Dois episódios vistos de Portugal
O caso do senhor de Hong Kong que foi atacado depois de se ter envolvido numa acesa troca de argumentos com manifestantes, sobre o facto de todos serem chineses mas aqueles afirmarem ser “hongkongers”, correu mundo. Não querendo tomar partido, penso que os limites do bom-senso estão a começar a ser ultrapassados. Quando os manifestantes têm de recorrer a violência gratuita para impor o seu ponto de vista, seja ele qual for, perdem toda a razão que possam ter.
Ora, tudo o que se tem vivido em Hong Kong obriga-nos a reflectir sobre o que realmente se passa nesta antiga colónia britânica. Pessoalmente tenho-me retraído de tecer quaisquer comentários. É que estando a viver longe de Hong Kong, dificilmente consigo dar uma opinião de forma objectiva.
Tenho para mim que o problema é muito mais do que o desejo de uma menor interferência do poder de Pequim. Este sempre existiu mesmo durante a gerência inglesa. Há algo mais profundo e que tem a ver com interesses económicos, estando a democracia ou o direitos adquiridos em segundo plano. Mais uma vez, é o dinheiro que está por detrás de todas estas semanas de incessante violência na RAEHK. E o pior é que não se deslumbra qualquer solução a curto prazo, tendo em conta a posição extremada dos manifestantes, a ponto de já ninguém compreender o porquê de tanta violência.
Entretanto, em Macau, pelo que me tem sido dado a saber pela imprensa local, veio novamente à baila o caso do conjunto escultórico do Jardim das Artes, da autoria de José Guimarães, que se encontrava na zona da Avenida da Amizade… até aparecerem os novos casinos. Com a necessidade de remodelar toda aquela área, a fim de instalar os novos hotéis-casino, o jardim quase desapareceu e resta apenas uma pequena faixa onde permanecem algumas estátuas. Lembro-me, por exemplo, das estátuas de Adé e Zheng Guanying.
Segundo o jornal Ponto Final, parece que José Guimarães ter-se-á deslocado a Macau com o intuito de interpelar o Governo sobre o sucedido e que a Sociedade Portuguesa de Autores (SPA) também irá ao território para ver se – no mínimo – recebe um pedido formal de desculpas.
Lembro-me bem deste episódio e de muitos outros, verdadeiros erros de julgamento aquando das intervenções realizadas no património artístico de Macau. Neste caso, houve peças que chegaram a estar perdidas, pelo menos aos olhos da população. Quem autorizou ou quem efectuou tais atentados lá saberá onde colocou as esculturas.
Conhecendo bem a realidade de Macau, tenho quase a certeza que tentar sacar responsabilidades às pessoas envolvidas no processo é o mesmo que levar com mais areia nos olhos.

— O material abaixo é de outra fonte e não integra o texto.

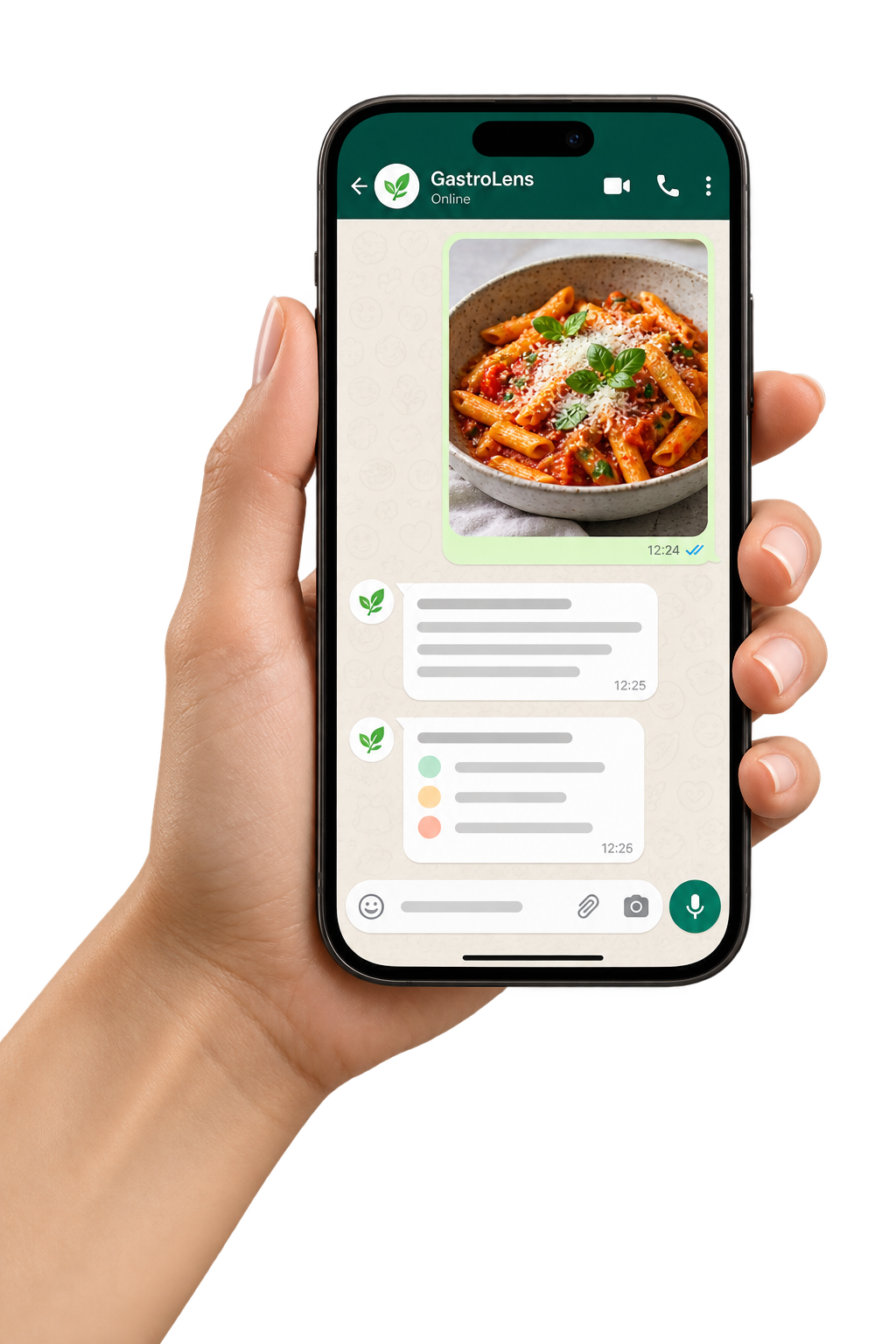 Hand holding a smartphone with a WhatsApp-style GastricLens conversation showing a tomato pasta meal photo.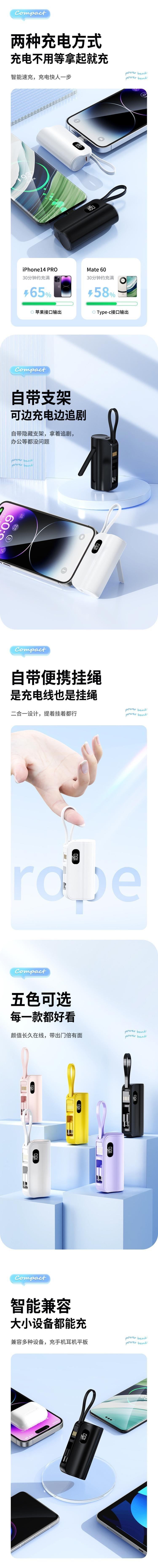 【中国直邮】 HSPM 新款双插头隐藏式胶囊充电宝 白色 10000毫安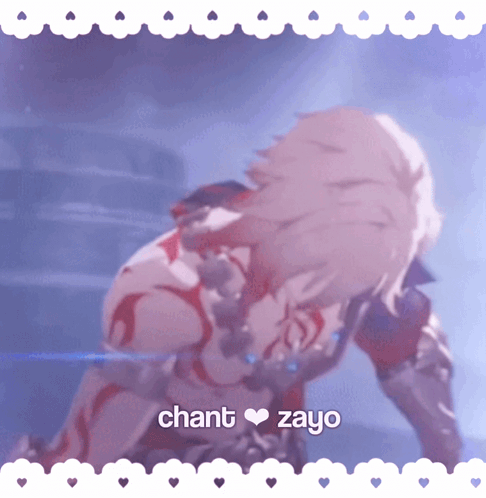 A Picture Of A Person With The Words Chant Zayo Written On It GIF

Se a SPA quer – de facto – receber um pedido de desculpas, mais vale esperar sentada pois voltará para Portugal com mais promessas. Será pois mais fácil para José Guimarães pedir uma indemnização por danos. Quando se trata de perda de face, mais rápido aparecem um milhares de patacas do que um pedido de desculpas público. Se o autor não entende como funciona Macau e persiste em melindrar o Governo, então talvez não tenha compreendido o porquê de lhe terem encomendado o conjunto do Jardim das Artes para 1999.
Segundo o Ponto Final, recorrendo a uma citação da Agência LUSA, José Guimarães denuncia “não apenas a violação moral dos direitos de autor, mas também a destruição de um conjunto de obras de arte que representa uma cultura que permaneceu em Macau durante séculos”.

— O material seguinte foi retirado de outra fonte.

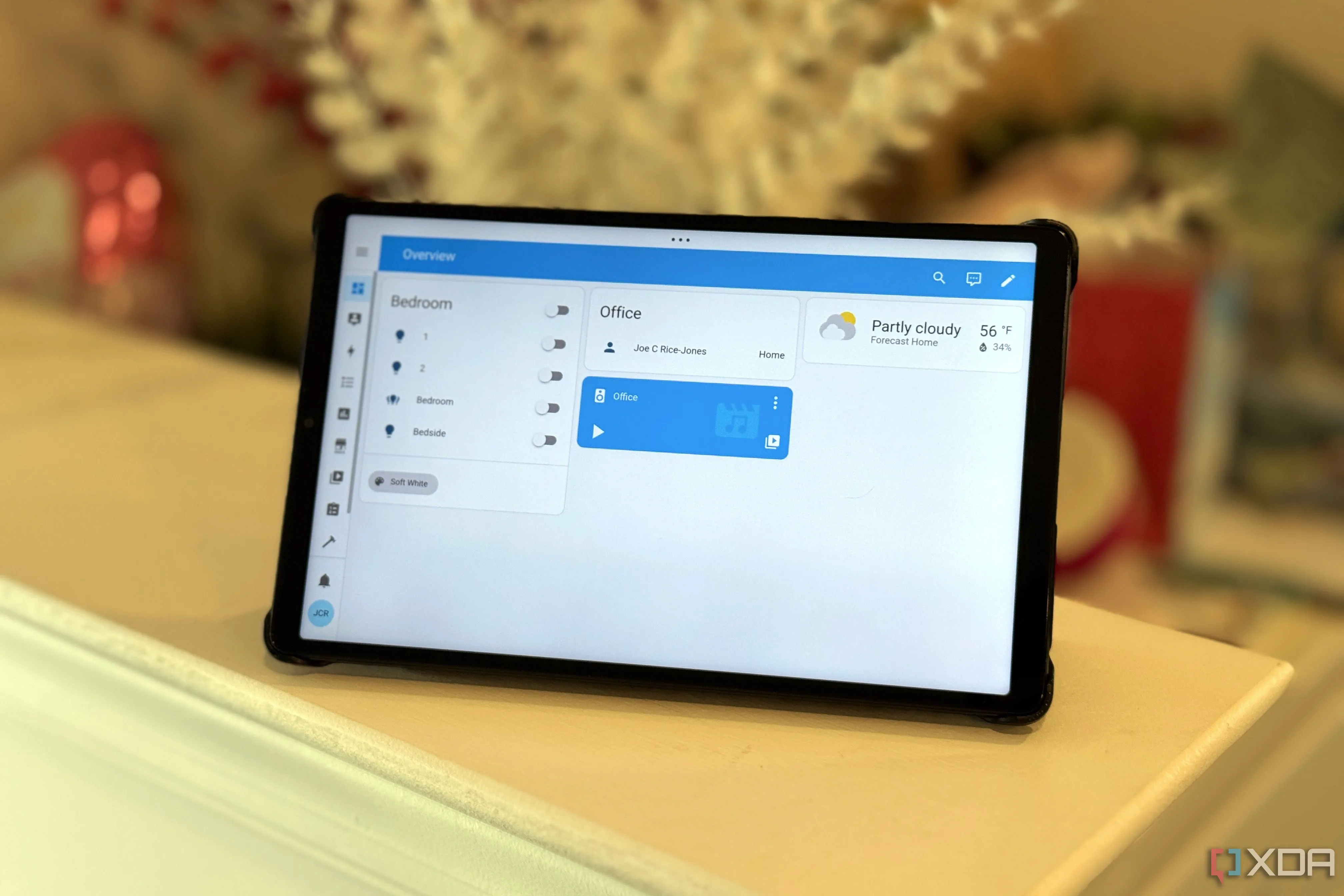 Giao diện dashboard Home Assistant tùy chỉnh hiển thị trên máy tính bảng Android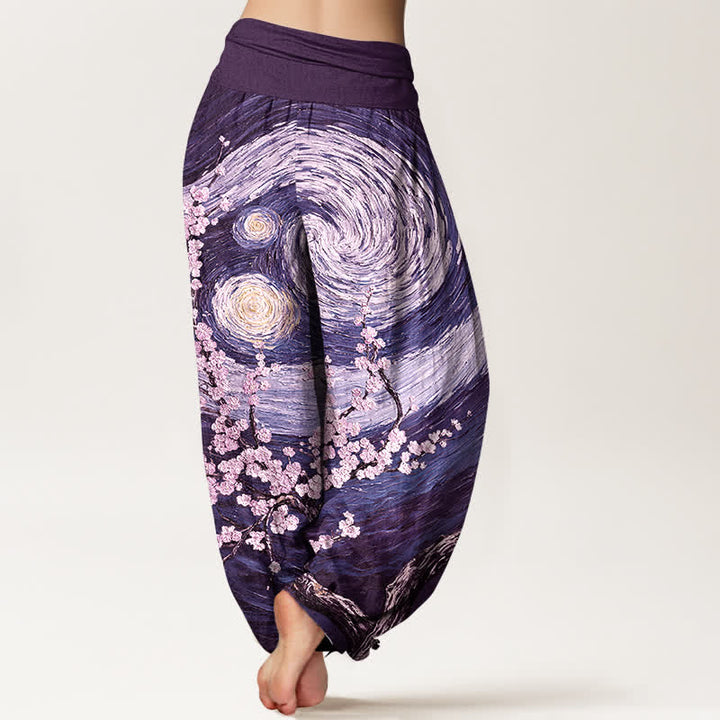 Buddha Stones Pure Cotton Starry Blossom Swirl Pattern Women's Elastic Waist Harem Pants - image 6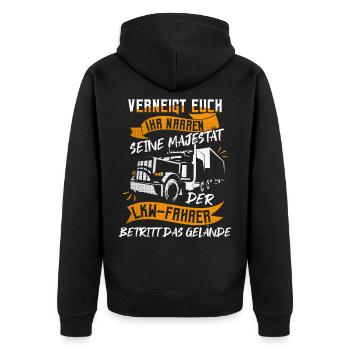 LKW Fernfahrer Trucker - Unisex Premium Bio Zip Hoodie - Schwarz - Hinten - Nico (187cm)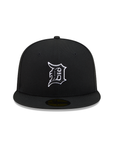 Detroit Tigers Black On Black White Outline 59Fifty Color Basic Fitted
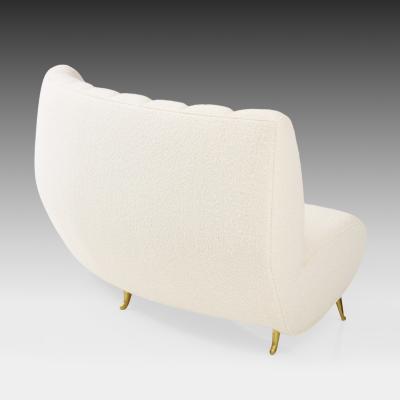  ISA Bergamo I S A Italy Rare Curved Settee in Ivory Boucl by ISA Bergamo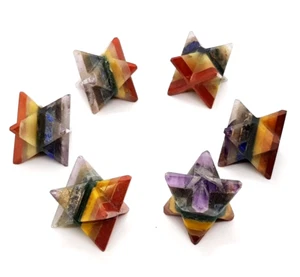 Sept pierres d'équilibrage d'énergie spirituelles esprit sacré Reiki chakras Merkaba x 2 - Photo 1 sur 24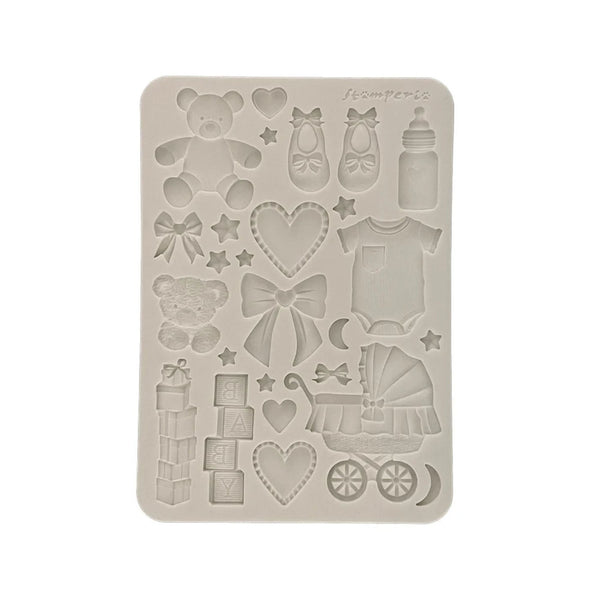 Silicone mold with baby-themed shapes on a white background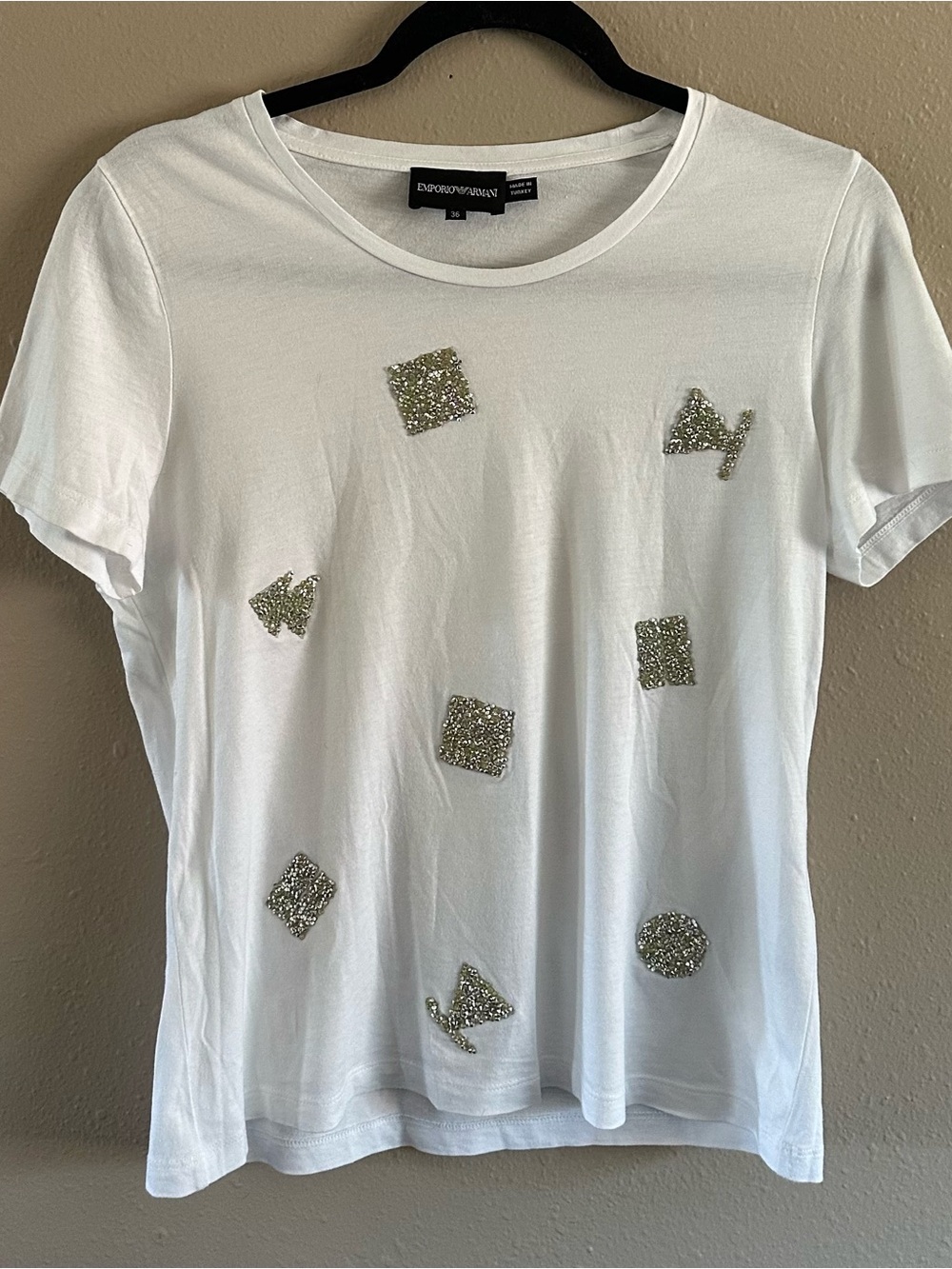 Emporio Armani White Short Sleeve Tee with Silver Crystal Motifs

Na verdade, a cultura a que o artista se refere (certamente o jargão do “encontro de culturas”, tão chique no pré-handover) deverá estar retratado nas árvores metálicas que elaborou para Macau, em resultado de um aprofundado estudo e pesquisa apurada. No entanto, deve ter saltado o capítulo referente aos aspectos sócio-culturais do povo chinês, que os portugueses desde muito cedo conseguiram decifrar. Daí terem “aguentado” quase quinhentos à frente da Administração de Macau, numa parceria implícita, embora não assumida por ambas as partes.
Lembro-me de notícias vindas a público em 2005, tanto na Imprensa chinesa como portuguesa, acerca da insatisfação da população pelo desaparecimento do Jardim das Artes. Acontece que valores mais altos se impuseram e foi necessário remodelar parte da Avenida da Amizade. Como bem sabemos, quando é preciso não há nada que demova os governantes chineses, ainda para mais quando no seu entender é para o bem da população. Quer se queira, quer não, o Jogo é o motor da economia e os empreendimentos turísticos têm prioridade sobre tudo o resto.
À época, muitas vozes se levantaram a questionar o destino das esculturas, que até agradavam à grande maioria da população. Aquando da sua inauguração, as críticas na Imprensa chinesa foram muito positivas, pois tratava-se de uma novidade, tendo em conta outras obras encomendadas a artistas portugueses. A título de exemplo, recorde-se a polémica em torno do Centro Ecuménico Kun Iam, que ainda hoje gera comentários menos apropriados.
A terminar, insisto: é verdade que no Jardim das Artes houve falta de zelo e descuido. Mas se querem um pedido de desculpas e o reconhecimento público de que erraram, bem podem esperar sentados. Quanto muito poderá vir a ser a paga uma indemnização, se bem que o pedido para tal devesse ter sido feito há catorze anos. Agora poderá ser tarde!